In the past 12 months we’ve seen some very public and high profile instances whereby the current culture of some major institutions have had some unsavoury consequences. The Press, the Church, the BBC and in recent days the NHS.

It’s been something we’ve been deeply immersed in over the last year as part of the culture change project which Julie has been running, so here’s my attempt to sweep aside the digital language and share with you some cultural straight talk.

So, what is this thing which we refer to as culture?
Culture is the way that people do things, in its basic form it’s ‘how stuff gets done around here’. Think your organisation doesn’t have a culture, think again. I work with dozens of big organisations and they all have their own unwritten formula as to how they behave, interact with people and make decisions. Still, can’t get your head around it? Think about your own family, you probably don’t agreed ways of working, regulation, guidelines but you will have a particular way of behaving with each other which is probably different from the family next door. You have your own cultures!

When is a culture ‘bad’?
Primarily when it doesn’t fit with the underlying purpose of the organisation and increasingly with the morals and values of society at large. Think about what the NHS stands for and how mismatched it seems the behaviours have been. The two just don’t add up. The outcome is that we decide it’s wrong and it makes us very cross!

So who decides on the culture?
We all do – leaders, employees, joe blogs in the street. Certainly there’s an argument that leaders have a central role to play in setting the tone of an organisation. In Daniel Kahneman’s book ‘Thinking Fast Thinking Slow’ he talks about the influencing power the first person to speak in a group has……it essentially sets the tone for our own opinion and how we do things. But largely, we’ll fall into line with the norm, if everyone else is doing it, it much just be how we do things round here, right? This is the bit where we all join in.

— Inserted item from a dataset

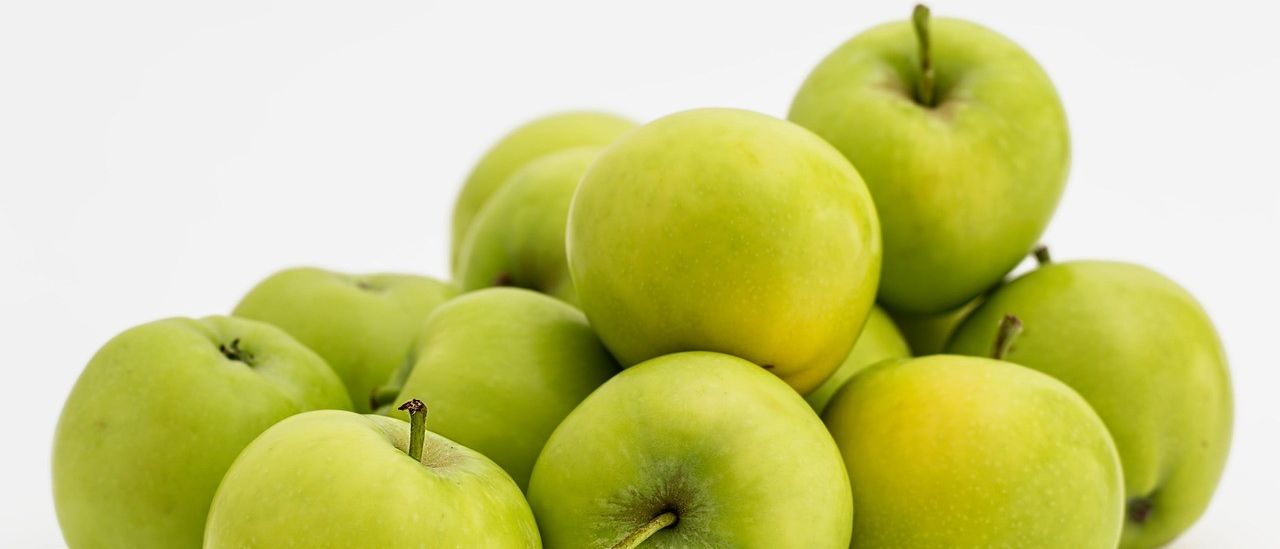 Eine Ansammlung grüner Äpfel mit einem gelben Schimmer, auf einem weißen Hintergrund angeordnet, zeigt ihre runde Form und feste Textur.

Is it possible to change the culture?
Of course, the world continually changes doesn’t it? For example, think about how many people now take bags to the supermarket instead of relying on carrier bags. Carrier bags aren’t illegal, there have been some incentives to nudge us in that direction but ultimately we have choice and in a relatively short amount of time we’ve all organised ourselves to make this possible.

Do what does it take?
Lots of things and probably nothing you haven’t heard before. Trust, listening, humility, education, regulation and incentive. But ultimately you need to want the new culture and want it enough that you’re prepared to undergo inconvenience, tough conversations deal with any attention you draw to yourself. It starts with you.